Gestalttherapie-Ausbildung

Die zweijährige Gestaltausbildung befähigt die TeilnehmerInnen dazu, einzelne Menschen oder Gruppen gestalttherapeutisch zu begleiten.

Die Ausbildung umfasst 10 Module an verlängerten Wochenenden, 5-tägige Intensiv-Blöcke sowie zahlreiche vertiefende Elemente. Über die AusbilderInnen von Irgendwie Anders hinaus (Rebecca Stadler und Ulrich Reichert) bereichern erfahrene Gastdozenten die Ausbildung mit ihrem Wissen und ihrer Erfahrung. Dadurch ist gewährleistet, dass die Teilnehmer nicht einfach die Handschrift einzelner AusbilderInnen kopieren, sondern viele unterschiedliche Herangehensweisen kennenlernen. Letztlich werden sie auf diesem Weg gezielt dahingehend unterstützt, eine eigene, individuelle und authentische Position als angehende TherapeutInnen zu entwickeln.

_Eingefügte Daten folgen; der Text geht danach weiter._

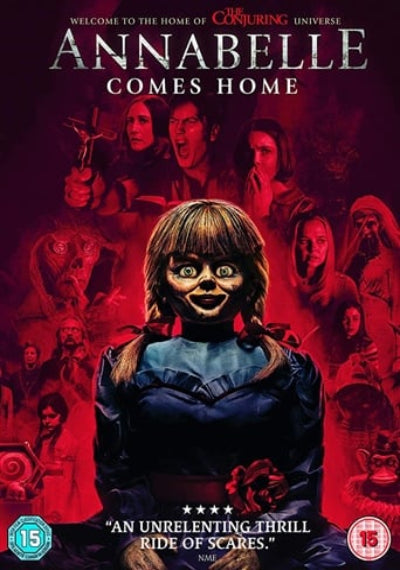 Movie poster for 'Annabelle Comes Home' featuring Annabelle and other characters with a red and purple color scheme.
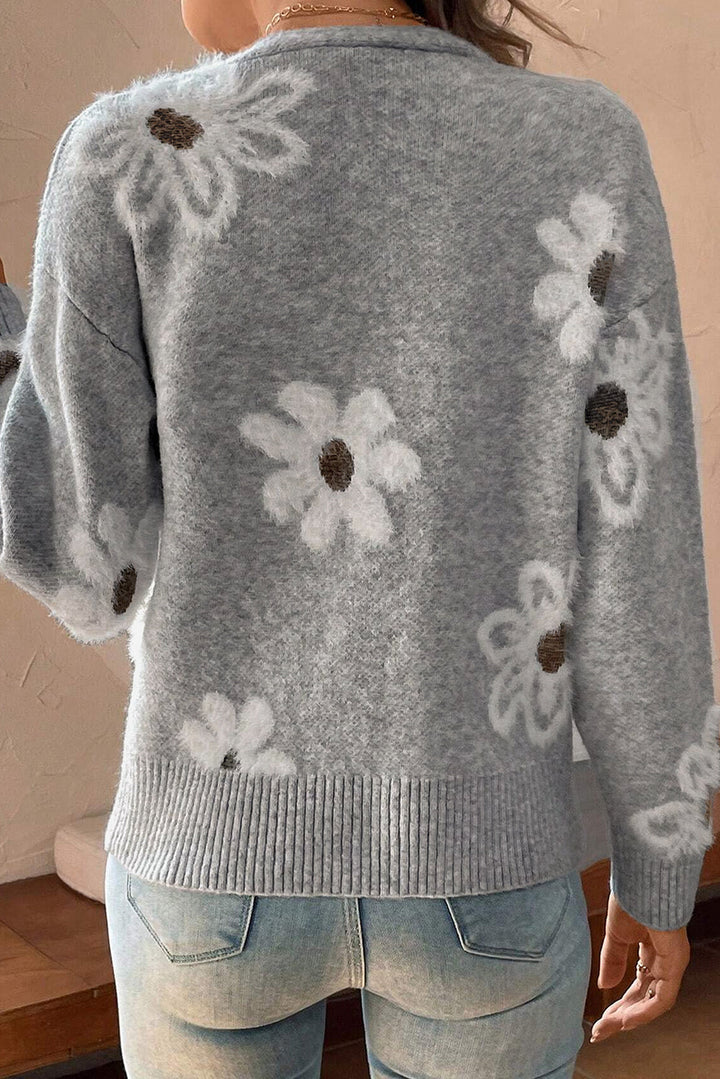 Stilla | Strikjakke med blomster mønster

Die Anzahl der Auszubildenden ist auf die erfahrungsgemäß ideale Gruppengröße von 16 Teilnehmenden beschränkt.

 

Der nächste Ausbildungslehrgang startet 2020 (siehe "Module").

Grundlegende Gedanken zur therapeutischen Ausbildung

Die Beziehung zwischen Therapeut und Klient ist aus unserer Sicht die Basis für eine erfolgreiche therapeutische Zusammenarbeit. Um diese Aufgabe professionell und kompetent ausführen zu können, ist es unabdingbar, als Mensch persönlich und authentisch erreichbar zu sein. Die Kenntnis der eigenen Person ist dafür ebenso eine Grundvoraussetzung wie ein präzises theoretisches Verständnis dessen, was im Kontakt zwischen TherapeutIn und KlientIn sowie in den Entwicklungsprozessen von KlientInnen passiert. 

Ebenso ist es uns in der Begleitung von Menschen ein Anliegen, die systemischen-, ethischen- und spirituellen Aspekte des Menschseins und den Kontext, in dem Menschen Unterstützung benötigen, nicht aus den Augen zu verlieren.

Seitens der Ausbildungsleitung haben wir einen hohen Anspruch an unsere TeilnehmerInnen, ohne dabei unsere Leichtigkeit und unseren Humor zu verlieren. Wir sind konfrontativ, fordernd und wertschätzend zugleich. Wir sind fachlich und theoretisch kompetent und lernen auch selbst immer noch etwas dazu. Der Teamgedanke ist uns wichtig, schließlich ist das Begleiten von Menschen in der Ausbildung oder der Therapie Teamarbeit. Und im konstruktiven Umgang mit vermeintlichen „Fehlern“ sehen wir Perlen, die von wirklichem Wachstum zeugen.